* Marton Balint <cus@xxxxxxxxxx> wrote:
On Wed, 19 Aug 2009, Peter Zijlstra wrote:
On Wed, 2009-08-19 at 14:34 +0200, Marton Balint wrote:
On Wed, 19 Aug 2009, Peter Zijlstra wrote:
On Wed, 2009-08-19 at 14:01 +0200, Marton Balint wrote:On Wed, 19 Aug 2009, Peter Zijlstra wrote:On Tue, 2009-08-18 at 21:49 +0200, Marton Balint wrote:
In the meantime, I was able to create a tiny C program which always
succesfully reproduces the bug. It's basically an endless loop which does
not stop while the process is running on the last CPU core. The program
creates multiple instances of itself, to be able to keep all of the CPU
cores busy. After 1 second, the processes running on other than the last
CPU core die, the processes running on the last CPU core remain stuck
there...
I tested it on my dual core system, if someone could test it on a quad
core and report back that would probably be useful.
Usage: ./schedtest <number of CPU cores>
And don't forget to kill the stuck processes after using the program! :)
So what's the bug? Sure one task will stay on the cpu, and because there
is no contention it doesn't get migrated, and therefore won't quit,
how's that a problem?
Problem is that more than one processes remain on that CPU core, and none
of them get migrated to other (idle) cores. I tested it with my E8400
processor and 2.6.31-rc5-git3 kernel.
Only one remains here.. on a c2q running 2.6.31-rc6-tip
Do you have a .config handy?
Yes it's in my original post:
http://marc.info/?l=linux-kernel&m=125012584709800&w=2
Right you are,.. so I build a kernel with the cgroup scheduler in and
tested it on a dual-core opteron machine, but I can't seem to reproduce
this.
Are you using cgroups in any way, or do you simply have it enabled in
your config?
No, it's just enabled. Actually the kernel is from the
openSUSE build service:
http://download.opensuse.org/repositories/Kernel:/HEAD/openSUSE_11.1/x86_64/
But the problem is present for both the kernel-default
kernel and the kernel-vanilla kernel which does not
contain any suse-specific patches.
This evening I had a bit more time to test, and I've
made a surprising discovery: I can only reproduce the
bug if the kernel module of my TV tuner card is loaded.
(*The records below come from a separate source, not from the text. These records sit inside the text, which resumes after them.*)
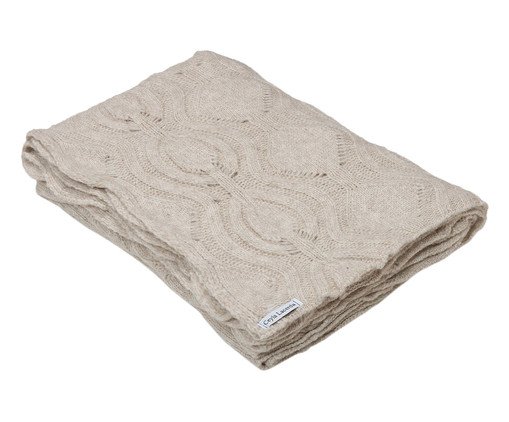 Manta Abricot Cru, beige | WestwingNow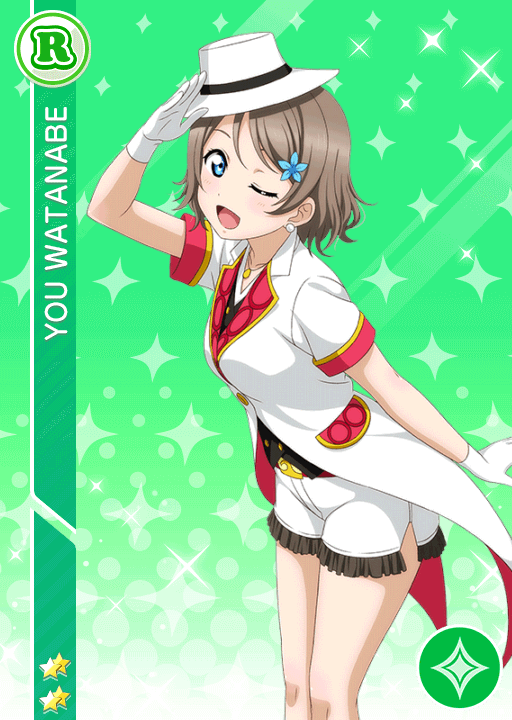 School Idol Tomodachi - Cards Album: #1436 Watanabe You R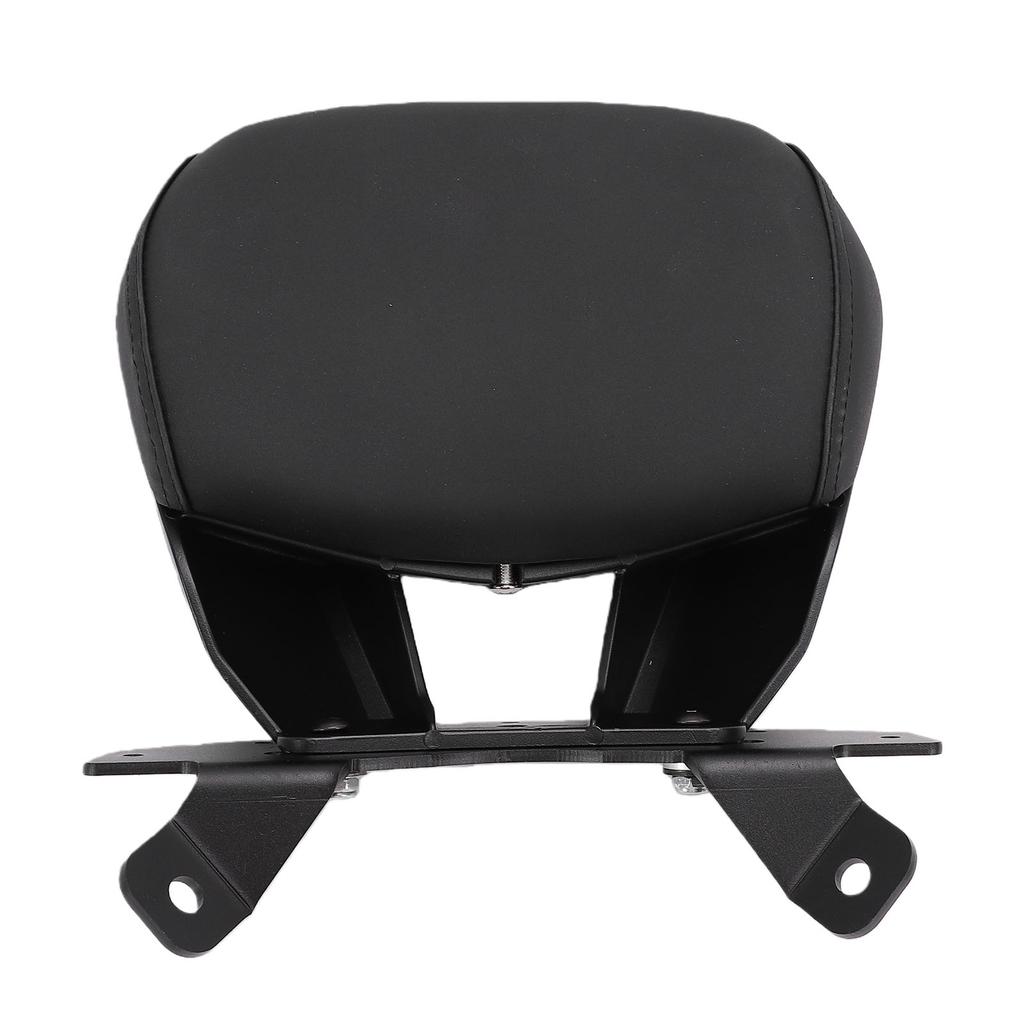 Motorcycle Rear Backrest Replacement for ZONTES 368G 2024 2026 Soft Foam Passenger Back Support Backrest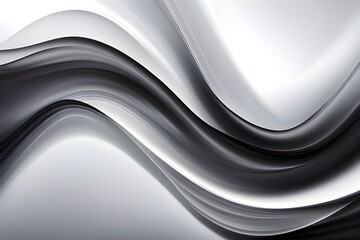 grey or black waves abstract background, backgrounds 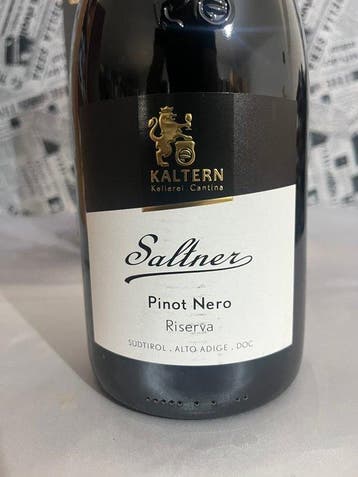 2023 Kellerei Kaltern - Saltner “Pinot Nero” Riserva - Alto, Verzamelen, Nieuw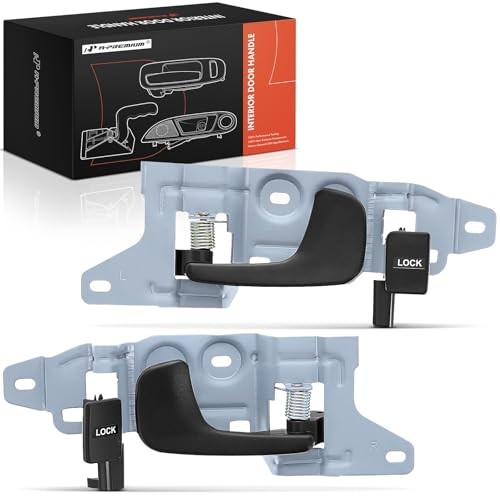 Inside Interior Door Handles Compatible with Honda Civic 1992 1993 1994 1995,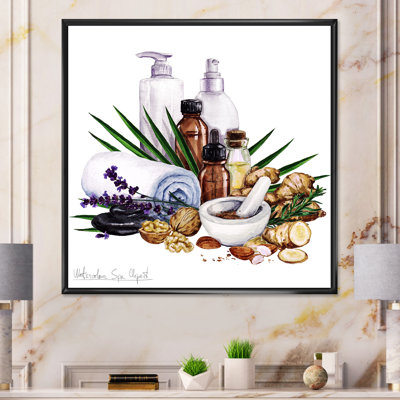 " Spa And Bathroom Relax Collection "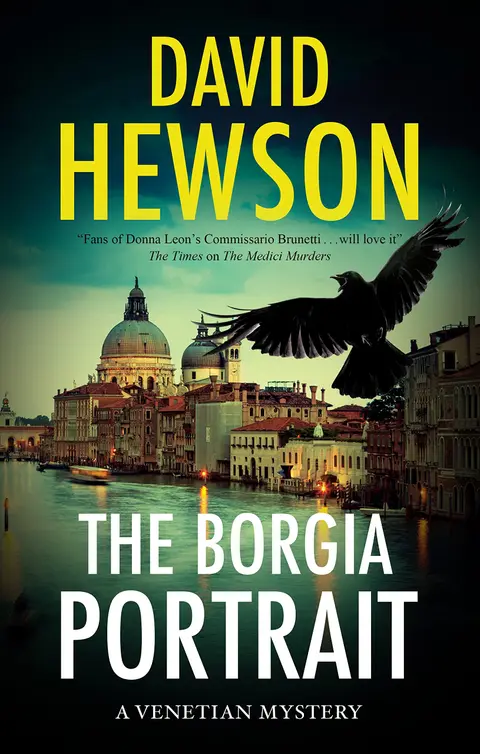 Cover of The Borgia Portrait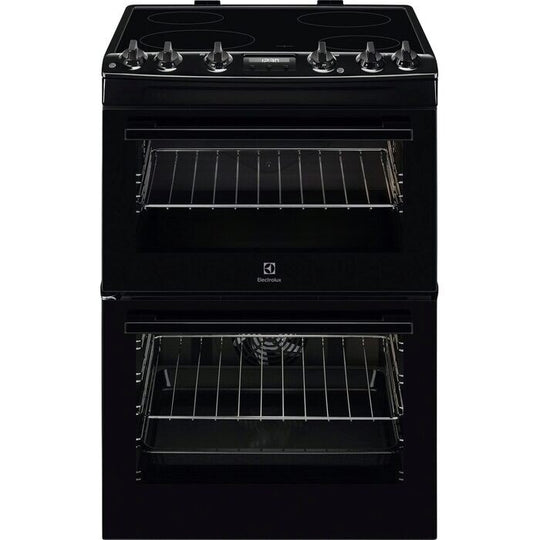 Electrolux 60cm Freestanding Electric Cooker Black | LKR655200K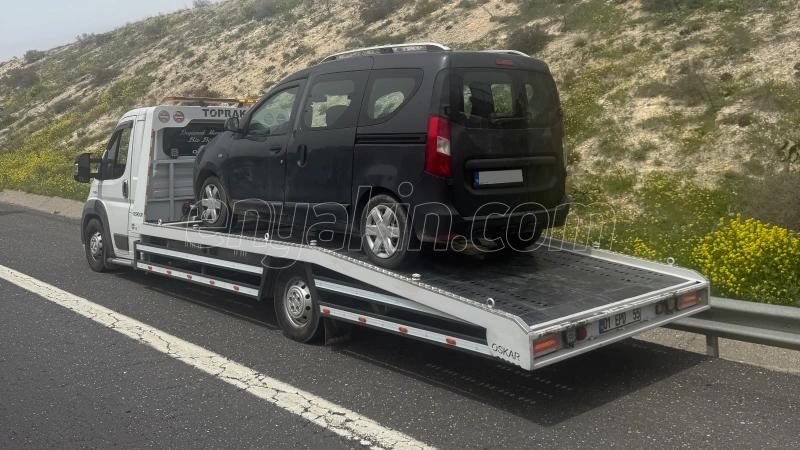 Yapılan işten bir kare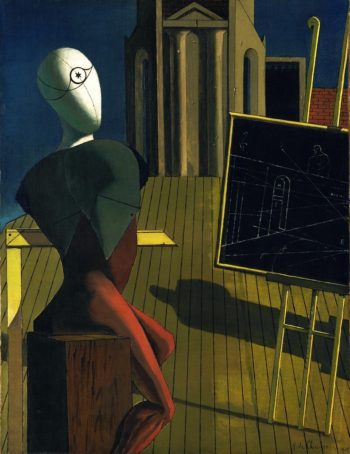 <a href="https://www.flickr.com/photos/45482849@N03/6861854050">"Giorgio de Chirico - The Seer [1914-15]"</a><span> by <a href="https://www.flickr.com/photos/45482849@N03">Gandalf's Gallery</a></span> is licensed under <a href="https://creativecommons.org/licenses/by-nc-sa/2.0/?ref=ccsearch&atype=html" style="margin-right: 5px;">CC BY-NC-SA 2.0</a>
I have a Leadtek Winfast 2000 XP Expert TV card, it
uses the cx8800 kernel module. It seems that the
problem is somehow related to the infrared sensor of
the TV card, because I recompiled the module with the
'case CX88_BOARD_WINFAST2000XP_EXPERT:' line removed
from cx88-input.c and I couldn't reproduce the bug with
the new kernel module.
Extremely weird. Are timers somehow busted?